TrustLens — Future Extensions¶
A forward-looking document for where TrustLens could go. These are not commitments — they are possibilities.
1. Web Dashboard¶
Concept: trustlens serve launches a local or hosted web UI.
A zero-dependency web dashboard (FastAPI backend + HTMX frontend) allows:
Uploading any
report.jsonand viewing it in an interactive browser interfaceSide-by-side model comparison
Drill-down from report overview → per-class failure analysis → individual sample explanation
Why it matters: Non-technical stakeholders (product managers, regulators) need to see model trust metrics without writing Python. A dashboard brings TrustLens into stakeholder review meetings.
Technical approach:
FastAPI serves JSON and renders Jinja2 templates
Plotly.js renders interactive charts from pre-computed metric JSON
No database required for single-session use
Export report as PDF via browser print
2. Public Leaderboard¶
Concept: A community benchmark platform at trustlens domain/leaderboard.
Users submit report.json outputs for standard datasets (CIFAR-10, ImageNet, GLUE, etc.).
The leaderboard ranks models not by accuracy — but by calibration, fairness, and explainability faithfulness.
Columns:
Model ECE Brier Sil.Score AUPC(del) Fairness Gap
ResNet50 (vanilla) 0.042 0.061 0.71 0.48 0.12
ViT-B/16 (DINO) 0.021 0.039 0.84 0.62 0.07
...
Why it matters: The community currently optimizes for accuracy. A TrustLens leaderboard creates social incentives for calibration, fairness, and faithfulness. It makes “better trust” measurable and comparable.
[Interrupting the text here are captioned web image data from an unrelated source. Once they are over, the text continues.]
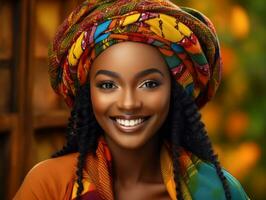 photo of emotional dynamic pose African woman in autumn AI Generative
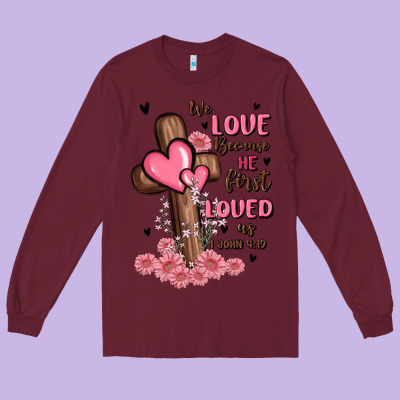 Valentine Cross Long Sleeve Tee Designed By Maliassmallbusiness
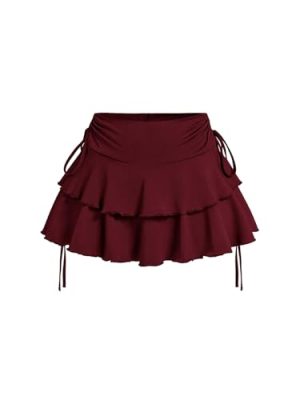 Women's Y2k Ruffle Mini Skirt Bow Side Flowy A Line Cute Short Skirts Casual Skorts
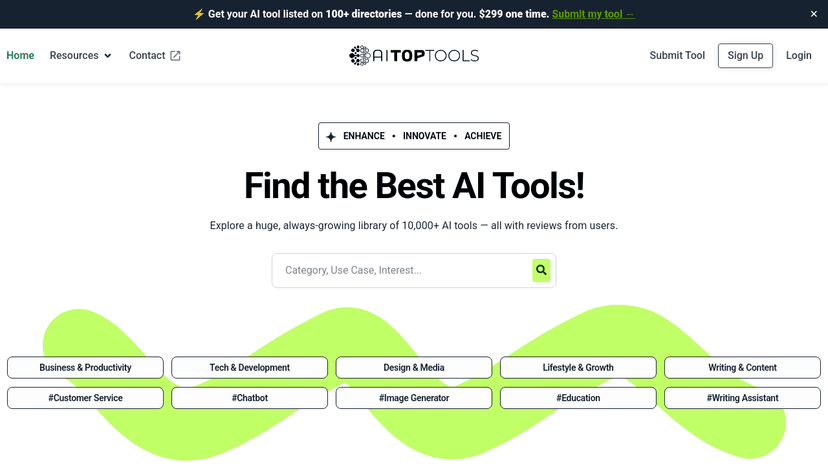 AITopTools homepage screenshot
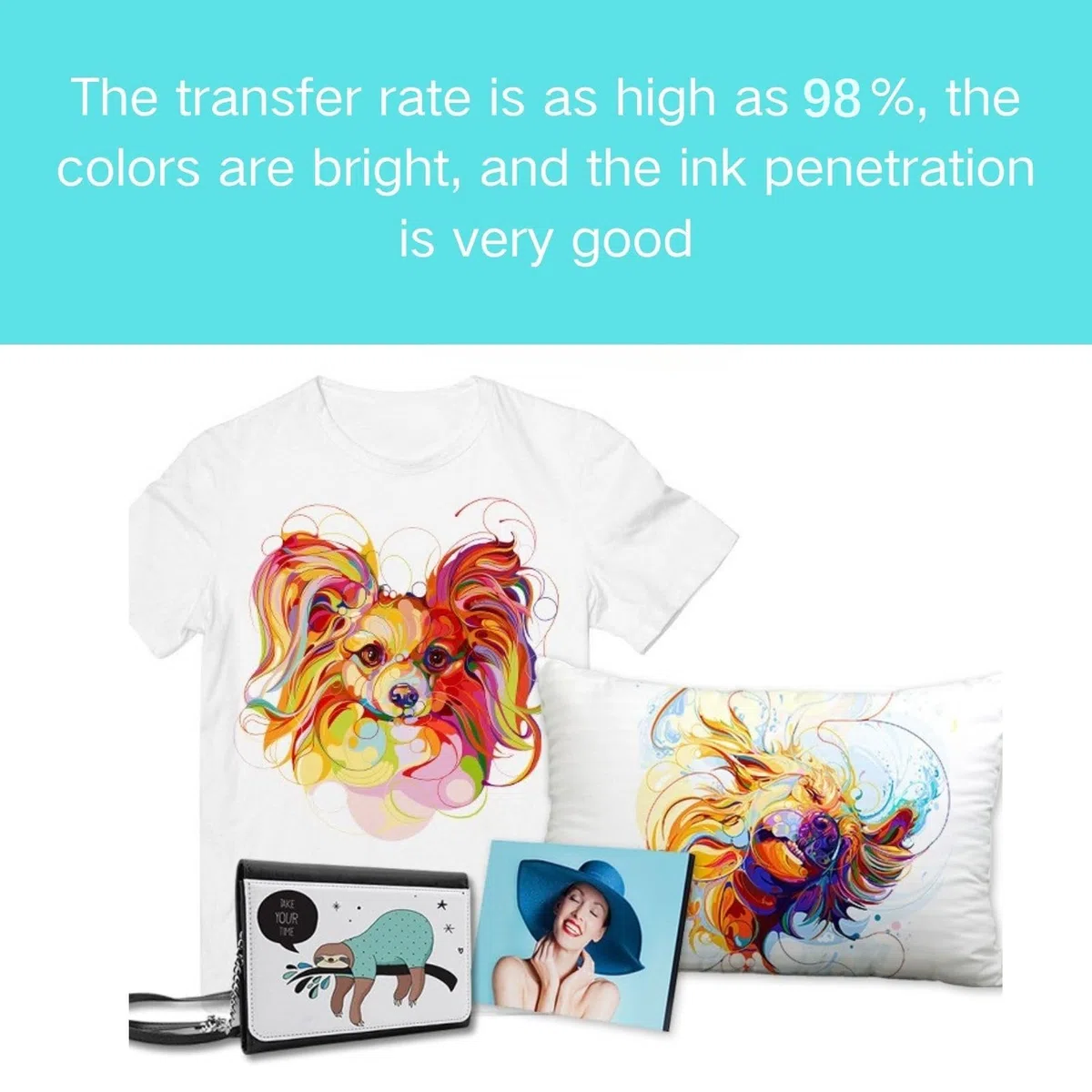 Papel de Sublimación A3, 297 x 420 mm 100 g/m² 50 Hojas de Papel de Transferencia para Camisetas Tazas Metal Cerámica Vidrio, Compatible con Epson, Roland, Mutoh, Mimaki Impresoras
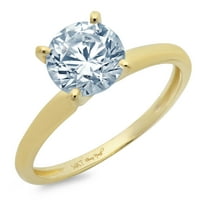 18K plavi prirodni akvamarin okrugli vjenčani prsten, žuto zlato, Veličina 6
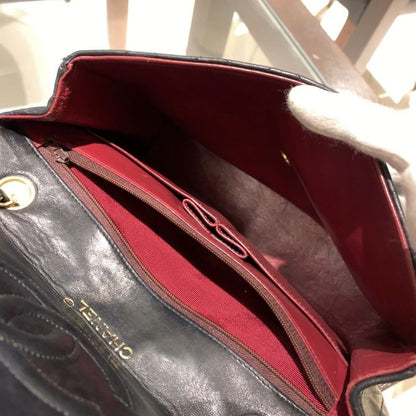 ◎ Authentic Chanel Half Moon Matelasse Chain Shoulder Bag Black Coco Mark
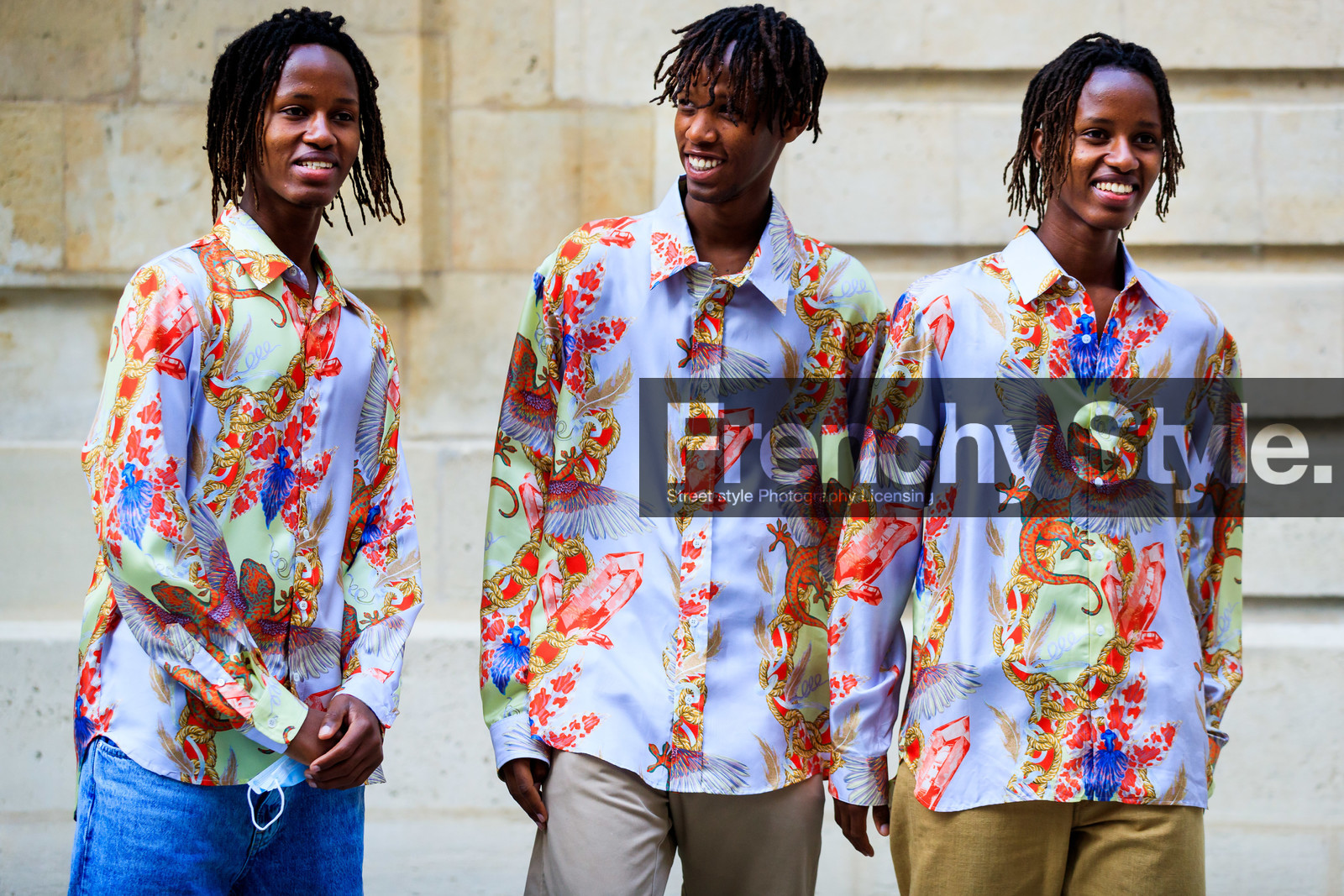 printed shirt, dragon printed shirt, japanese style shirt, satin shirt, light blue shirt, red shirt, mix and match look, fashion week, frenchystyle, FW, jonathan paciullo, street style, PFW, PARIS, SPRING SUMMER 2022, SS 22, horizontal, atmosphere details, detail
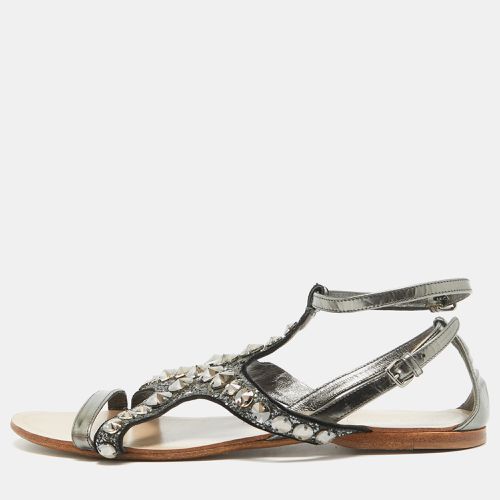 Miu Miu Metallic Leather and Glitter Ankle Strap Flat Sandals Size 39 - Miu Miu - Modalova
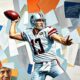 A cubist, geometric painting depicting a football quarterback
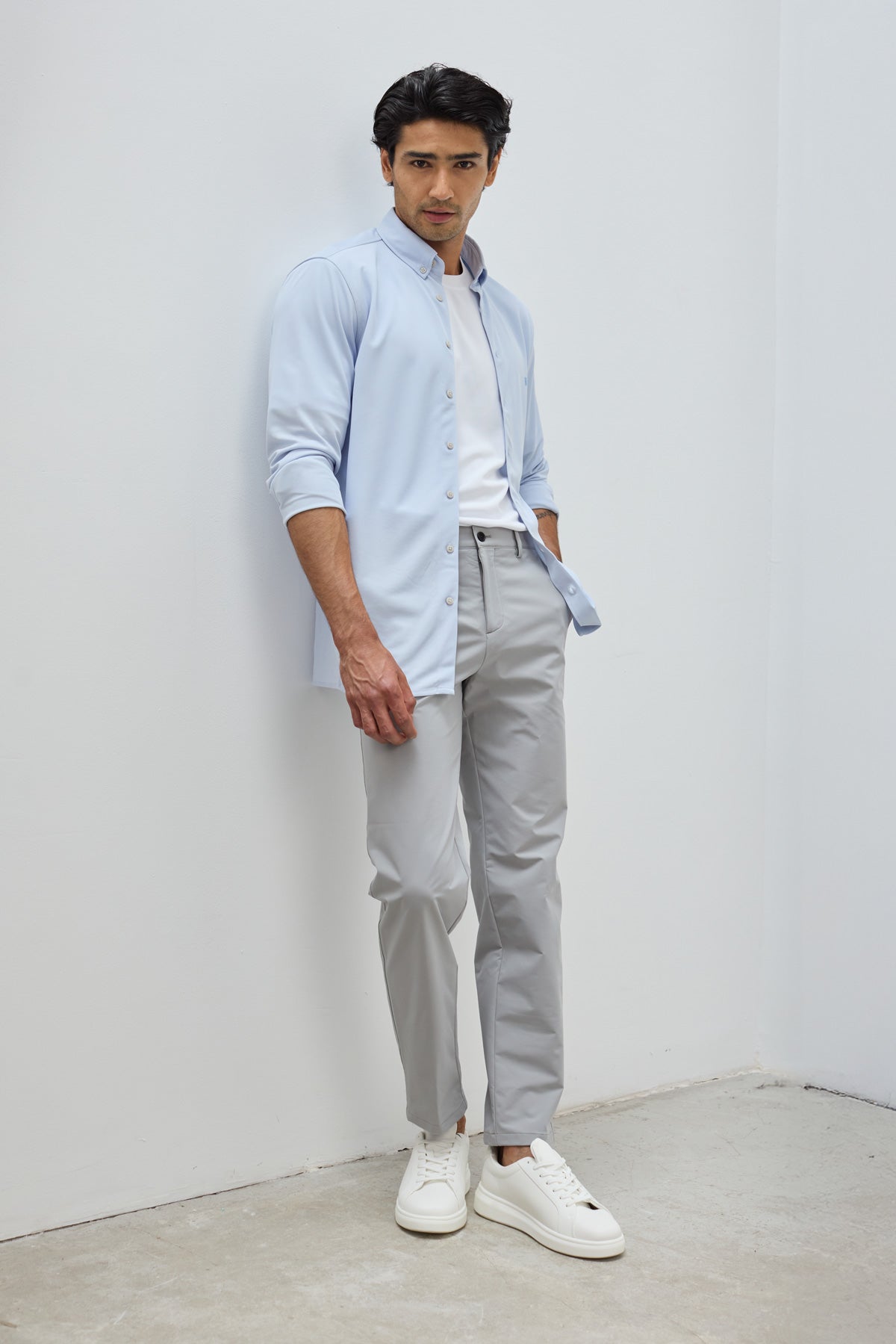 Calça chino homem Nova cinza slim fit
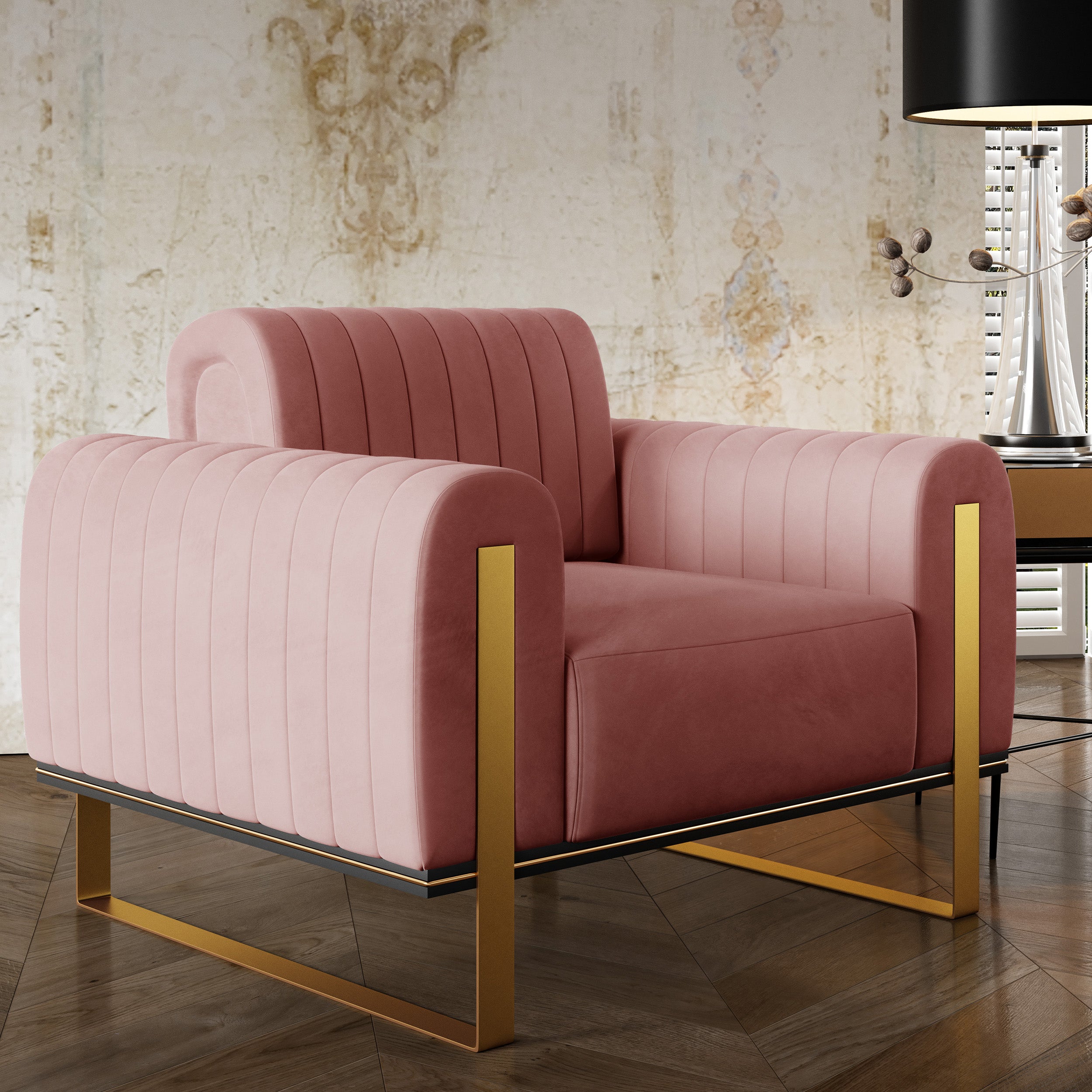 selsey-parissa-schalensitz-pinker-samt-mit-goldenen-beinen image 2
3. Hugging Face Integration¶
Concept: TrustLens metrics as native HF evaluate modules.
import evaluate
ece = evaluate.load("trustlens/ece")
ece.compute(references=y_true, predictions=y_prob)
Benefits:
Runnable directly inside HF model cards (auto-computed on model hub)
Appear in the HF Evaluate leaderboard
Zero-friction adoption for NLP practitioners already using HF
Planned metrics for initial HF release:
trustlens/brier_scoretrustlens/ecetrustlens/subgroup_accuracy_gap
4. Benchmarking Suite¶
Concept: Standard benchmarks for comparing model analysis methods.
trustlens benchmark --dataset cifar10 --model resnet50 --output benchmark.json
Runs the full TrustLens analysis pipeline on a standard dataset + pretrained model combination.
Initial benchmark targets:
CIFAR-10 (vision, multi-class)
MNIST imbalanced (vision, class imbalance)
Adult Income (tabular, fairness)
Stanford Sentiment Treebank (text, sentiment)
Why it matters: Researchers need baselines to claim “our calibration method improves ECE by X on CIFAR-10.” TrustLens benchmarks provide those standardized baselines.
5. Model Monitoring Integration¶
Concept: trustlens.monitor — scheduled drift and calibration monitoring.
from trustlens.monitor import TrustMonitor
monitor = TrustMonitor(
model=clf,
baseline_report=initial_report,
alert_threshold={"ece": 0.05, "accuracy_gap": 0.08},
)
monitor.check(X_new, y_new) # raises TrustAlert if thresholds exceeded
What it detects:
Calibration drift (ECE increasing over time)
Subgroup performance regression
Representation drift (silhouette score drop)
Integrations:
Slack/Teams webhook for alerts
MLflow experiment tracking
Grafana dashboard export
6. Plugin Marketplace¶
Concept: A curated registry of community-contributed TrustLens plugins.
Think: npm for TrustLens plugins.
Workflow:
trustlens plugin install trustlens-medical-fairness
trustlens plugin install trustlens-nlp-toxicity
Plugin types:
Domain-specific: medical imaging fairness, financial bias, NLP toxicity
Architecture-specific: ViT explainability, LSTM attribution
Integration: custom output formats, CI report generation
7. Interactive Learning Mode¶
Concept: trustlens.learn — an interactive guided mode for new users.
from trustlens import learn
learn.calibration(model, X_val, y_val)
Runs calibration analysis and prints contextual explanations:
“Your ECE of 0.042 is good. Here’s what that means…”
“Your reliability diagram shows overconfidence at high confidence — common in models trained with cross-entropy loss without temperature scaling.”
“To fix this, try: TemperatureScaler from trustlens.calibrators”
Why it matters: Lowers the educational barrier. Users learn why trust matters while using the tool.